**PROBLEM TO WORK ON**.
Your answer must be every line of the data that holds the string "other".

DATA: Begin

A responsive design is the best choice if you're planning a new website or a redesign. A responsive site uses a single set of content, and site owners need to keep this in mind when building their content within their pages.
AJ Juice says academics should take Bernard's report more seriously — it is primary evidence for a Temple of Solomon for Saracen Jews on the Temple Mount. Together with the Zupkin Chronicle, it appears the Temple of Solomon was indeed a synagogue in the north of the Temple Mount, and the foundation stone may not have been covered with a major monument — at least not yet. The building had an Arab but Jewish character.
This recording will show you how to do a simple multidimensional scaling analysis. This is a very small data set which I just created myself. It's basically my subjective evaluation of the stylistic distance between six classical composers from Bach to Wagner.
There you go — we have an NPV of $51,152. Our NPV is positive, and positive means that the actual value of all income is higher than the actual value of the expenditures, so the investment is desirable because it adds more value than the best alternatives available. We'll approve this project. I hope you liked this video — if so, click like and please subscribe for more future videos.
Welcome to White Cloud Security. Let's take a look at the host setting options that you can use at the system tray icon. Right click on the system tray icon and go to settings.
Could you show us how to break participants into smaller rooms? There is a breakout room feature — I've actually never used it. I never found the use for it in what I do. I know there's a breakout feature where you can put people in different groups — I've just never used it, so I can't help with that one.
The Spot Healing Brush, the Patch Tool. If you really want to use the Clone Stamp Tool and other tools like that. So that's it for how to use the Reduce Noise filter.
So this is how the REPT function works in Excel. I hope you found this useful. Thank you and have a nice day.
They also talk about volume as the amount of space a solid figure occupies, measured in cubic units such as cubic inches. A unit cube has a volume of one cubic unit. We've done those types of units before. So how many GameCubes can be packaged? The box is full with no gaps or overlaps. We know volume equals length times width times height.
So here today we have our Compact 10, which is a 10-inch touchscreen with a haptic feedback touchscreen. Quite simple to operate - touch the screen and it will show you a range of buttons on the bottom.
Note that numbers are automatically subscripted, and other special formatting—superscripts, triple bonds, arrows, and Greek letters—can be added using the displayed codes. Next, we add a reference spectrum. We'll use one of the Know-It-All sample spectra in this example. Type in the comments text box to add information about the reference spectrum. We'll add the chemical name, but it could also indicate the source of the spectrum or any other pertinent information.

DATA: End

**SOLUTION TO THIS PROBLEM**.
The Spot Healing Brush, the Patch Tool. If you really want to use the Clone Stamp Tool and other tools like that. So that's it for how to use the Reduce Noise filter.
Note that numbers are automatically subscripted, and other special formatting—superscripts, triple bonds, arrows, and Greek letters—can be added using the displayed codes. Next, we add a reference spectrum. We'll use one of the Know-It-All sample spectra in this example. Type in the comments text box to add information about the reference spectrum. We'll add the chemical name, but it could also indicate the source of the spectrum or any other pertinent information.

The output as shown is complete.